The syntax of BigQuery JSON data type is JSON 'formatted data'. An example can be JSON' {"name": "Cooper", "forname": Alice}'

Example: Storing product data with diverse attributes (JSON product_details)

How to check the data type in Bigquery?

1. Using SQL Commands

  • You can use the INFORMATION_SCHEMA to query metadata about your tables, including the data forms of columns.
  • Execute a SQL query similar to the one after retrieving information about the data forms of columns in a table:
 
SELECT column_name, data_typeFROM `project.dataset.INFORMATION_SCHEMA.COLUMNS`WHERE table_name = 'your_table_name';
  • Replace 'project.dataset' with the right assignment and dataset name, and 'your_table_name' with the call of your table.

2. Using the BigQuery Console

  • Navigate to the BigQuery Console and pick your mission and dataset.
  • Locate the table you're inquisitive about and click on it to view its details.
  • You'll see a listing of columns together with their corresponding data types.

By following these strategies, you could quickly decide the data varieties of columns for your BigQuery tables, permitting you to better understand and work with your data.

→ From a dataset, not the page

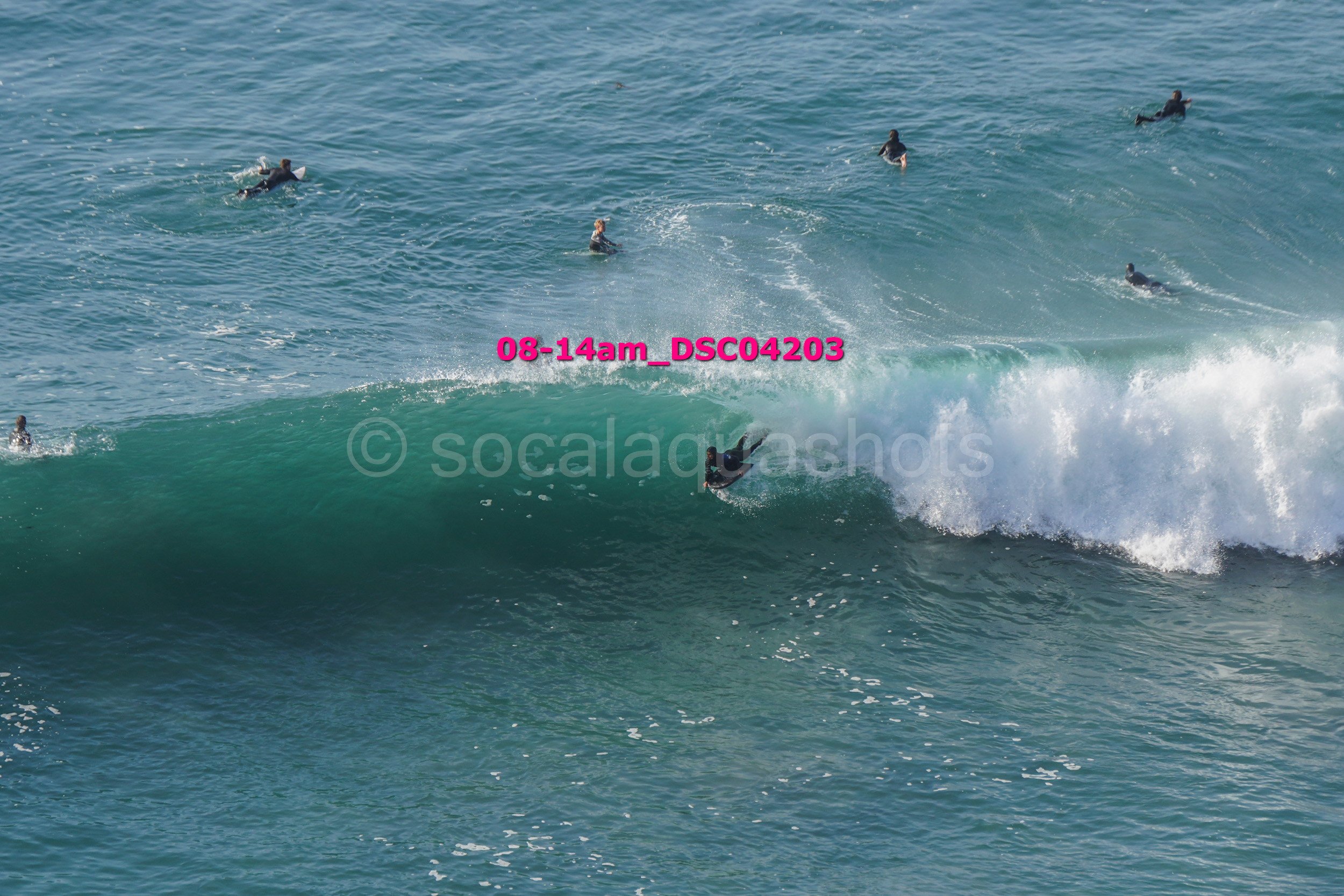 Surfer riding a wave with several people in the water watching from above.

How to change the data type in Bigquery?

Changing the data form of a column in Google BigQuery may be achieved through various techniques, depending in your precise requirements and possibilities. Here are a few common techniques:

1. Using SQL Commands

  • You can alter the data form of a column using SQL's ALTER TABLE statement along with the SET DATA TYPE function.
  • Here's an instance SQL query to exchange the data type of a column named column_name in a table named your_table_name:
 
ALTER TABLE `project.dataset.your_table_name`ALTER COLUMN column_name SET DATA TYPE new_data_type;
  • Replace 'project.dataset' with your mission and dataset call, 'your_table_name' with the table name, column_name with the column you need to modify, and new_data_type with the preferred data type.

BigQuery only allows changing a column's data type to a compatible type. For example, you cannot directly change a STRING column to an INT64 column if the string values contain non-numeric characters.

2. Using the BigQuery Console

  • This method offers a visual interface for changing data types.
  • Navigate to the BigQuery Console and discover the table containing the column whose data type you want to change.
  • Click on the table to open its details.
  • Find the column you desire to regulate and click on its data type.
  • It provides a dropdown menu that shows compatible data types based on the current data.

By using those techniques, you could efficiently alter the data types of columns in your BigQuery tables to better match your data processing and evaluation needs.

BigQuery Integration With Airbyte

The above section in the article will help you deal with data types. However, data types are not the only thing if you are managing data. Therefore, to deal with other aspects of data management, such as data integration, you should use SaaS tools like Airbyte. 

Airbyte is an ELT tool that can help you automate data integration from multiple sources of your choice to BigQuery. With robust orchestration capabilities, an intuitive user interface, and integration with data transformation tools like dbt, it streamlines complex data integration processes. 

You can use Airbyte to centralize data (of any BigQuery-supported data types) in BigQuery without writing any code. 

Sign up (if you haven't already) with Airbyte Cloud today to handle data integration tasks easily. 

Conclusion 

To bring the data from outside data sources to the BigQuery database, you must have a detailed knowledge of the data types BigQuery supports. When you pick the right data type, you can enhance data integrity, analytical capabilities, and system performance. Following the guide above, you can easily learn about all the data types BigQuery supports with their syntax and examples. 

If you want to move from data type mapping to data integration in BigQuery, you can use Airbyte Cloud. The tool has an extensive library of more than 350+ pre-built connectors to smooth the process of data ingestion from various operational systems to BigQuery.

Similar use cases

No similar recipes were found, but check back soon!